Aiutarli a casa loro” per anni è stato lo slogan di presa facile della destra. Ora è diventato il mantra di quasi tutte le forze politiche. Lo ha detto più volte Renzi quand’era Presidente del Consiglio e anche diversi esponenti del M5S lo declamano. Potremmo dire uno slogan carino da pronunciare. Anche se, talvolta, ha avuto l’obiettivo di mettere a tacere la coscienza di chi lo pronuncia e di chi lo ascolta. In fondo, è un modo per dire che tanto cattivi non siamo, né egoisti, anzi – in ottemperanza del Vangelo (oggi ritornato prepotentemente di moda nelle manifestazioni politiche e non) – scegliamo di aiutare il prossimo. Però decidiamo noi dove e come.
C’è chi - in virtù anche di incarichi istituzionali precedentemente ricoperti – ha le idee chiare su come aiutare a casa loro, aiutando anche noi stessi. Si tratta di Mario Giro, esperto di questioni africane come pochi, che di queste vicende ci informa compiutamente da tempo.

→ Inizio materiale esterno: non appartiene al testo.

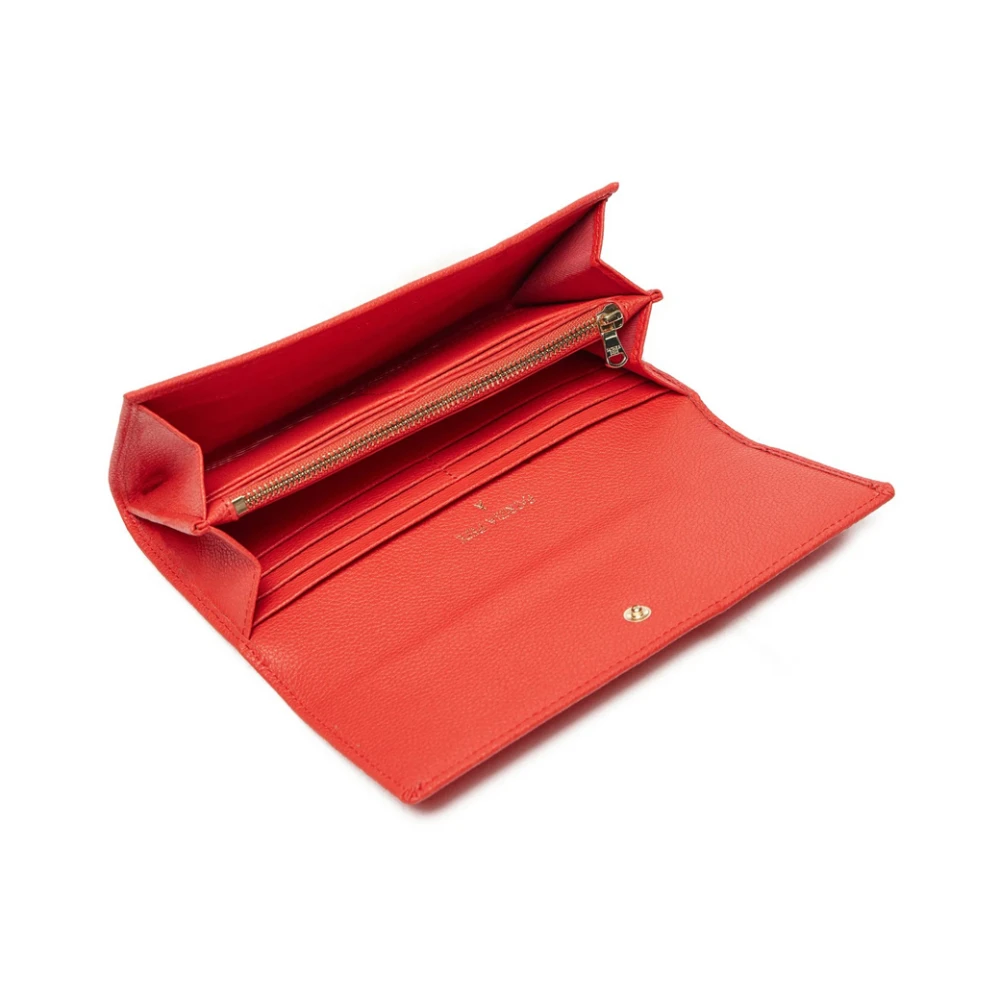 PATRIZIA PEPE Rode leren portemonnee met letterdetail Red Dames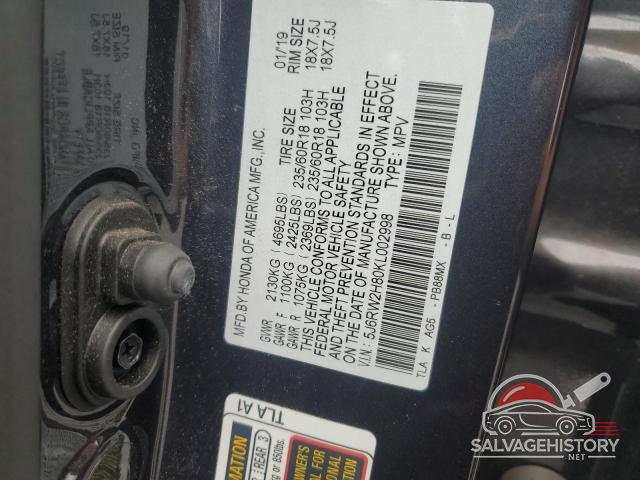 5J6RW2H80KL002998 2019 HONDA CRV photo no. 12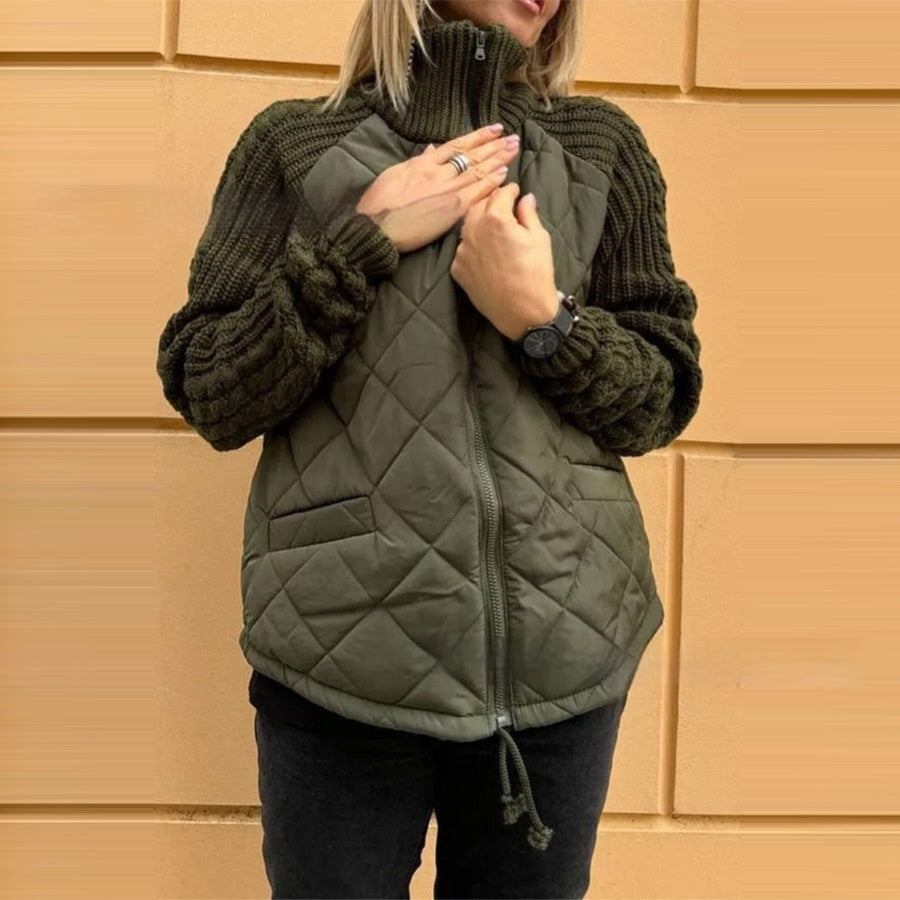 Women's Long Sleeve Zipper Stand Collar Cotton-Padded Cardigan Jacket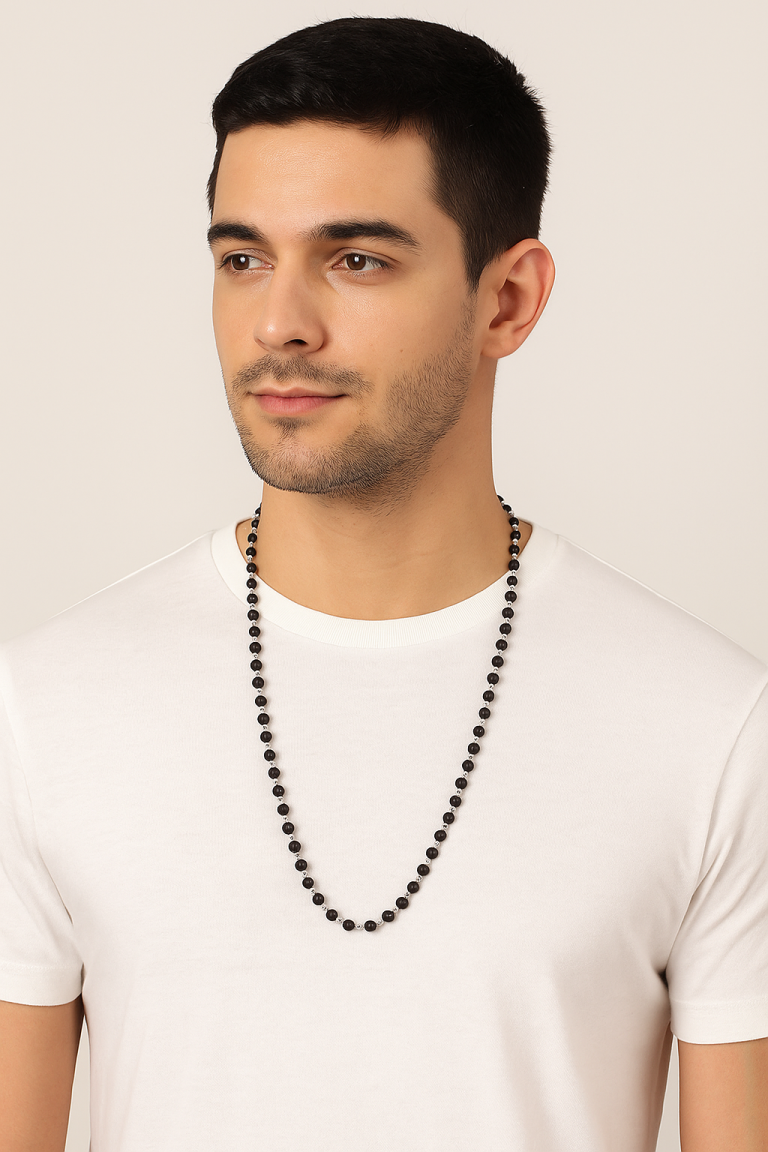 Silver Plated Karungali Mala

In Africa – spiega Giro, professore di Storia delle relazioni internazionali all'Università per stranieri di Perugia - si sta svolgendo una grande guerra commerciale: un triangolo di influenze tra Cina, Europa e Usa, che potrebbe anche dirsi quadrangolo se si conta la Russia in piena ripresa di influenza. Infatti, «i poteri politico-commerciali sanno che nel continente nero sono nascoste enormi risorse in termini di acqua, terra, minerali ed energia. Occorrono solo i denari per sfruttarle. Di business se ne farà dunque tanto negli anni a venire: innanzi tutto in agro-business. L’Africa è l’unico continente dove rimane terra coltivabile libera: 200 milioni di ettari liberi ( fatte salve le foreste che non andrebbero toccate). Per nutrire il pianeta ci sarà assoluto bisogno di mettere quelle terre in produzione: un “oro verde” ormai raro. Ma per farlo ci vuole del metodo, non il land grabbing selvaggio e in ordine sparso attualmente messo in atto dalle multinazionali del food». Avverte sempre Mario Giro che «sarebbe un miracolo se il settore agro-business italiano si organizzasse (si tratta di migliaia di Pmi) per fare un’offerta aperta a questa “Africa verde”. In teoria le nostre piccole e medie imprese sarebbero molto più accettate dagli africani che non i colossi anonimi, come Nestlé e Danone. Si tratterebbe di insegnare a produrre e creare la catena del valore alimentare. Possiamo farlo ma ci stiamo organizzando per questo? È un’ipotesi win-win: aiuterebbe le nostre piccole imprese del settore a crescere e internazionalizzarsi ma anche gli africani a “produrre a casa loro”, imparando le regole itosanitarie per esportare».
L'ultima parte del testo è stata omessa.